British Prime Minister Margaret Thatcher, seeking to bolster President Reagan against the potential damage of the Iran-contra hearings, said yesterday that the world needs American leadership more than ever and that Reagan "is uniquely able to give it."

"It's a time of unprecedented opportunity if we are wise and skillful enough to grasp it," Thatcher told a smiling Reagan as she left the White House after a luncheon meeting. "Now more than ever, we need American leadership, and your president is uniquely able to give it, and will give it. We must not let slip the tremendous gains of the last few years."

Thatcher, who won reelection last month to a third term as prime minister, made a 12-hour visit here that had been billed by British commentators as an attempt to help Reagan break free from the Iran-contra revelations and get his administration into high gear on such foreign policy initiatives as arms control, Middle East peace and world economic prosperity.

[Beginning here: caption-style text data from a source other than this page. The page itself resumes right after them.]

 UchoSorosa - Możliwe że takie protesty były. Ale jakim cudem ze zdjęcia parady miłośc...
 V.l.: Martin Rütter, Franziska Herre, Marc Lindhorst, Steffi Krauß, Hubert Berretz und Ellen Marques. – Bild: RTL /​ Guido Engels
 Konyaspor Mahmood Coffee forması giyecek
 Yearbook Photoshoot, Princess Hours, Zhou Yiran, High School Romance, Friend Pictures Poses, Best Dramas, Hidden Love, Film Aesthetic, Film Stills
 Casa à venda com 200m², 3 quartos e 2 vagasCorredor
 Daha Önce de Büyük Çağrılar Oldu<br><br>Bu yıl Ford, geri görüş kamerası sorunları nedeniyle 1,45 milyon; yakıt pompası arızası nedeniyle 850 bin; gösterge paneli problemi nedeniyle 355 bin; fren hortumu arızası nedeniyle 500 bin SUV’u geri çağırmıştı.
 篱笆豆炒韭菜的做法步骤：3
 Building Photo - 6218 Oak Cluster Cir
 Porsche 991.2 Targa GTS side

She has been regarded as Reagan's closest friend among foreign leaders, and the two agree on many broad issues of social and economic policy. Interviewed on NBC's "Today" program yesterday about U.S.-Soviet negotiations to reduce medium-range, nuclear missiles in Europe, Thatcher said:

"I believe he's a great leader. Even during this difficult period, he has not let go his leadership role in any way . . . . I don't think {the Soviets} will find a politically weakened president. I have absolute trust in him."

Neither Thatcher nor Reagan mentioned the Iran-contra hearings directly. After Reagan saw Thatcher off at the White House, reporters shouted questions about the hearings to the president. He replied, "I will have a statement to make when the investigation is over," and walked back into the White House.

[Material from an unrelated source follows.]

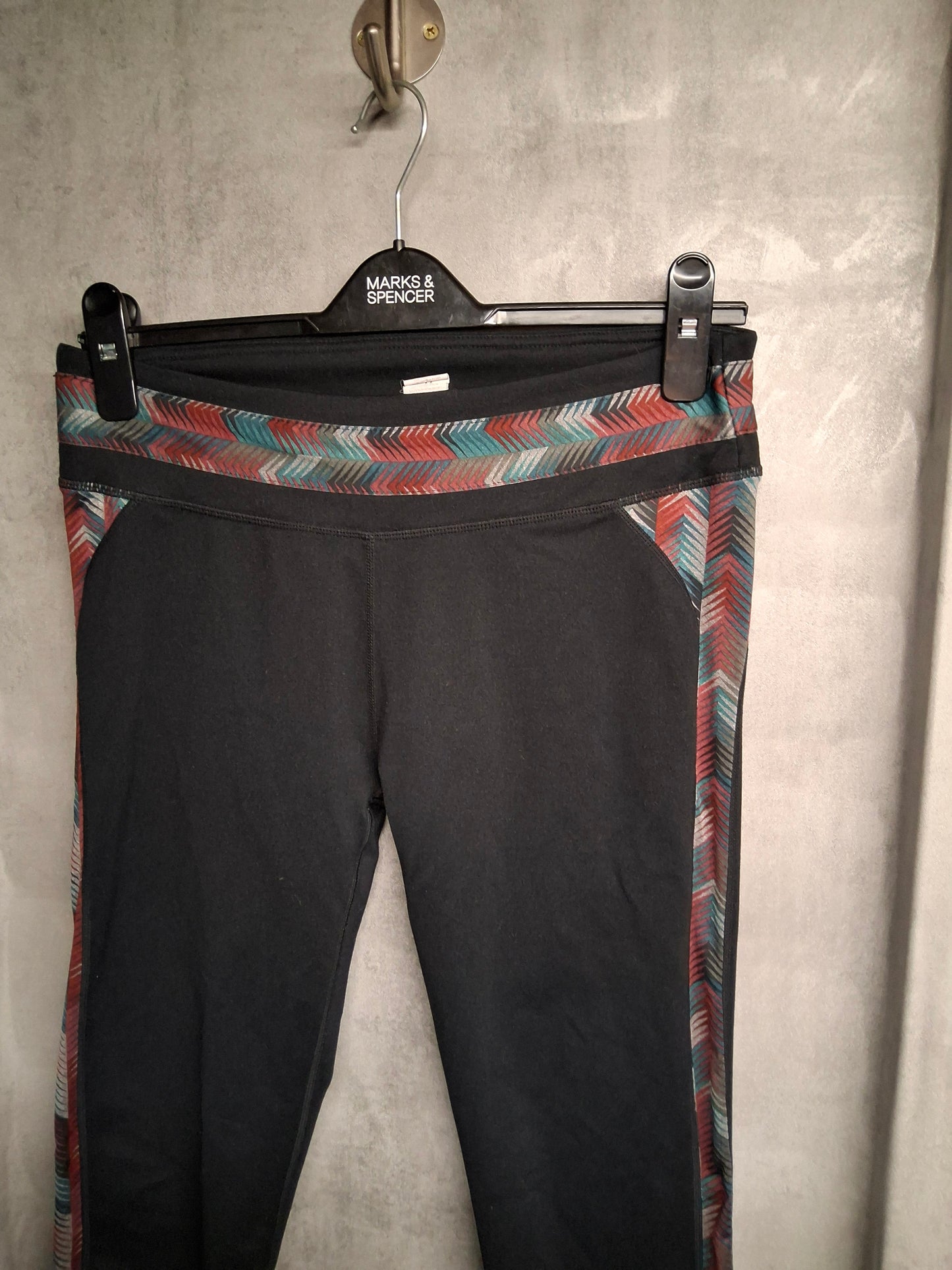 Fabletics Cropped Gym Leggings – Size M (UK size 10/12) – Black with Bold Colourblock Sides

Reagan earlier told reporters that he and Thatcher share "a high degree of agreement" on such issues as arms control, direct Arab-Israeli peace talks in the Middle East and ending the Iran-Iraq war in the Persian Gulf.

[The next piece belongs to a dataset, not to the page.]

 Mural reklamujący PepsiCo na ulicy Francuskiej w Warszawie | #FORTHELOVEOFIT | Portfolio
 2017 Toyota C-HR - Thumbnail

The U.S. and British governments are backing efforts in the U.N. Security Council for a resolution demanding a cease-fire between Iran and Iraq. The council is expected to adopt the resolution next week. Reagan said he and Thatcher want U.N. Secretary General Javier Perez de Cuellar to underscore its intent with a personal mission to the area.

"If either or both of the warring parties should refuse the U.N. call for a cessation of the fighting, an arms embargo should be brought to bear on those who reject this chance to end this bloody and senseless conflict," Reagan said.

On the Middle East, Thatcher said she and Reagan had explored how an international conference might help bring about direct talks between Israel and Jordan.

In regard to arms control, Thatcher said she and Reagan had agreed on the need for reductions in nuclear weapons without destroying the West's maintenance of effective deterrence against the Soviets. In past meetings, Reagan has trimmed his arms control initiatives to accommodate various specific concerns of Thatcher's, such as her insistence that any agreements have very strict provisions for verification. She, in turn, has backed U.S. proposals in this area.

However, one point on which there seems to be a detectable degree of difference between the two leaders involves the background against which arms talks and other efforts to improve superpower relations are taking place. In recent days, U.S. officials have complained that the Soviets are stalling or engaging in a "pause" that threatens hopes for a quick agreement on a summit meeting this fall between Reagan and Soviet leader Mikhail Gorbachev.

But Thatcher is known to feel that Gorbachev is not pulling away from a desire for accommodations with the West but instead is being forced to reduce the pace in order to address internal problems. In her White House remarks, she said: "Great changes are taking place in the world, including historic changes in the Soviet Union."